Seppur con poca propensione nel non reiterare l’errore, perché restiamo gente ontologicamente suprematista, dello sterminio dei nativi nordamericani qualcosa abbiamo finalmente interiorizzato, nonostante il mito del Generale Custer non accenni a diluirsi. Decisamente di meno, ed è una colpa, sappiamo, invece, di Tehuelche e Mapuche, popoli indigeni della Patagonia che hanno ricevuto lo stesso trattamento da parte dell’uomo bianco. Un viaggio nelle loro terre d’origine, allora, può essere l’occasione buona per fare un po’ di giustizia, oltre che la consueta fonte di arricchimento culturale in luoghi meravigliosi.
La Patagonia, intanto, è una regione dell’America Latina condivisa da Argentina e Cile che include anche la Terra dei Fuochi e, oggi, consta di meno di tre milioni di abitanti benché l’estensione sia di quasi un milione di chilometri quadrati, circa tre volte l’Italia. Insomma, un deserto. Il nome lo si deve a Magellano che la scoprì nel 1520. Il navigatore portoghese celebre per la prima circumnavigazione del globo, imbattutosi in un popolo di giganti, pare li chiamò ‘patagoni’ (tradotto, i piedoni) per la presunta grandezza delle orme lasciate dai loro piedi. Etimologia tutt’oggi non del tutto scevra da dubbi. Patagón, infatti, è anche la creatura selvaggia vergata dalla penna di Francisco Vazquez nel 1512 in uno scritto tanto caro proprio a Magellano che, pertanto, potrebbe averne tratto ispirazione. Accezione selvaggia, per uomini con i piedi fasciati di pelle animale che si cibano di sola carne cruda. Ciò che è acclarato, però, è che i nativi fossero tutt’altro che gracili. E non poteva essere altrimenti, considerate le condizioni ambientali di un luogo inospitale perché perennemente sferzato da venti gelidi ed insistenti, così avaro di vegetazione ma ricco di ghiacci anch’essi perenni e distese di steppa in fotocopia senza soluzione di continuità.

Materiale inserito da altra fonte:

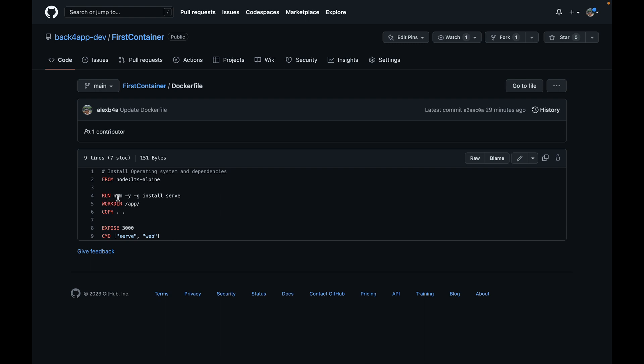Serve is an npm module that creates a basic web server that we used many times here on the channel to host simple files. Then I'm going to set my work dir as /app so we can give all our content inside this folder.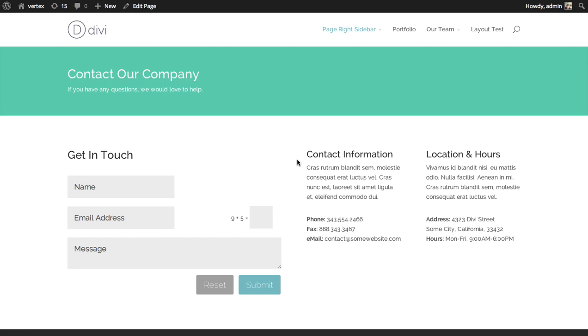In this tutorial I'll be showing you how to use the Maps module. The Maps module allows you to add Google Maps with custom pins anywhere on your page using the Builder.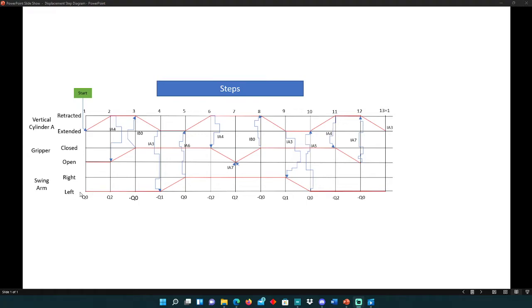Here we can see we have the low and the high state for each of these events that occur. We start and then we have our steps up to 13, and then we repeat the cycle.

Dalla scoperta, qualche secolo di quiete fino alla ‘Conquista del Desierto’. Il nome funesto che il governo argentino, da poco indipendente dalla dominazione spagnola, diede alle operazioni militari di razzia delle terre abitate dagli indigeni. Sotto la guida di Julio Argentino Roca, pertanto, nel 1885 l’Argentina piegò la resistenza delle popolazioni native della Patagonia che, da quella campagna predatoria, trovarono l’estinzione. Ennesimo sterminio sottaciuto. A riguardo, c’è purtroppo una poco edificante curiosità tutta italiana. Roca, a conquista ultimata, spartì i territori tra i responsabili della feroce campagna e le imprese inglesi che contribuirono al finanziamento della stessa. Nasceva così la famigerata ‘Compania de Tierras Sud Argentino’, dedita all’allevamento del bestiame su terre strappate ai legittimi proprietari ed alla gestione delle ricchezze. Nel 1991, la compagnia passò di proprietà alla famiglia Benetton, quella United Colors, delle tariffe autostradali e del ponte Morandi, che oggi sfrutta un terzo dell’estensione territoriale della Patagonia, noncurante delle rivendicazioni dei pochi Mapuche rimasti. La lunga mano delle privatizzazioni sulla pelle della gente, un’abitudine senza confini né latitudini.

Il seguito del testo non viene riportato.